In May 2006, Siggard graded a hillside on his property (the property). Siggard created dirt roads in steep terrain. In May 2006, the Hudacks sued Siggard due to Siggard's grading of the property. The Hudacks' original complaint included causes of action for breach of contract/specific performance, trespass, encroachment, nuisance per se, private nuisance, negligence, and violation of the California Environmental Quality Act (CEQA).

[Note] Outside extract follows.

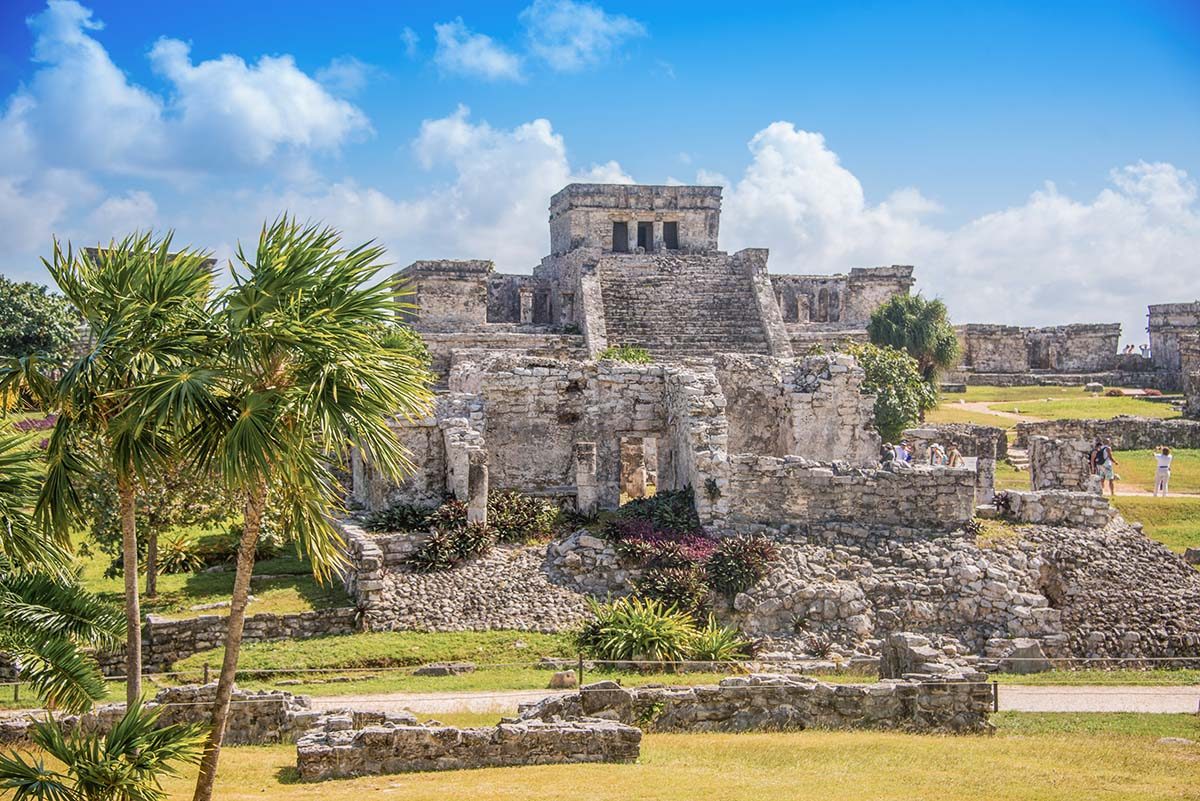 mayan-ruins-near-cancun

The Hudacks alleged Siggard's grading was conducted without the necessary permits and approvals. The Hudacks alleged Siggard did not properly compact the soil; graded directly into Bear Creek, which materially changed the creek bed; moved boulders into Bear Creek; blocked a stream and drainage near Bear Creek; pushed dirt onto the Hudacks' property; changed the drainage around the Hudacks' property; and cut down an oak tree on the Hudacks' property. The Hudacks sought to have Siggard restore the property to its original pregraded condition.

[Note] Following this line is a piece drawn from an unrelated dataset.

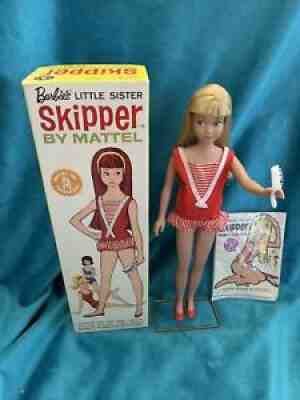 Vintage 1963 Blonde Skipper Stock No. 950 OSS, Shoes, Metal stand, & Mint Box.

The Hudacks had been informed, prior to filing their complaint, that Siggard had a valid agricultural exemption to the typical grading permit requirements. The Hudacks' claims about Siggard's unlawful grading were "legally untenable." In December 2009, after the property was foreclosed upon, the Hudacks purchased the property. The Hudacks sued Siggard for the purpose of artificially depressing the value of the property so that they could purchase it at a discounted amount. The CEQA cause of action would have permitted the Hudacks to recoup their attorney's fees.

In 2010, after the Hudacks purchased the property, they used heavy equipment to place a 50- to 60-feet-long culvert at the bottom of a lateral stream they had accused Siggard of harming, and constructed a dirt road over the culvert so the Hudacks could easily drive their ATVs and other vehicles over it. The Hudacks' project was conducted without any permits or permit exceptions, without input from engineers, and without a licensed contractor. Thus, the Hudacks sued Siggard for his grading without permits, but then conducted their own project without permits. The Hudacks sued Siggard to have him restore the property to its original condition, but then performed their own excavation project on the property. After the Hudacks performed their own excavation of the property, their claims against Siggard "were untenable."

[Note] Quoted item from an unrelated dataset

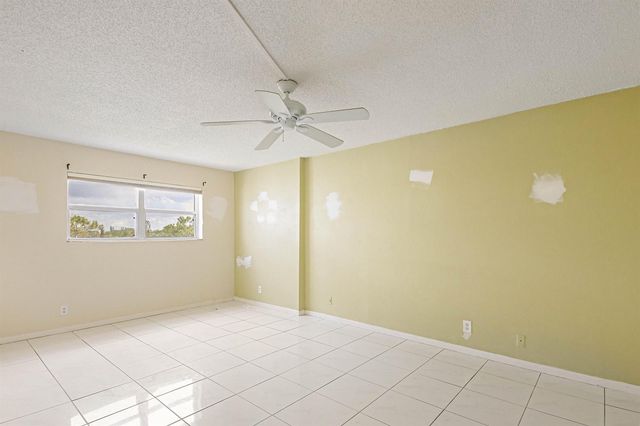 6850 10th Avenue N 406, Lake Worth, FL 33467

The case proceeded to trial. The Hudacks' experts testified that Siggard's grading work would cost the Hudacks "hundreds of thousands of dollars to remediate," despite the experts being aware of the Hudacks' excavation activities. The Hudacks' experts relied primarily on the Hudacks' statements, rather than conducting independent research.

The jury found in favor of Siggard on the Hudacks' causes of action. The jury found in favor of Siggard on Siggard's cross-complaint cause of action for nuisance. The jury awarded Siggard damages and punitive damages for a total of $604,700. The Hudacks appealed the judgments. The judgments were affirmed by this court. (Hudack et al. v. Siggard et al. (Oct. 17, 2013, E052779) [nonpub. opn.].) The Hudacks petitioned the California Supreme Court. The petition was denied. The Hudacks petitioned the United States Supreme Court. The petition was denied.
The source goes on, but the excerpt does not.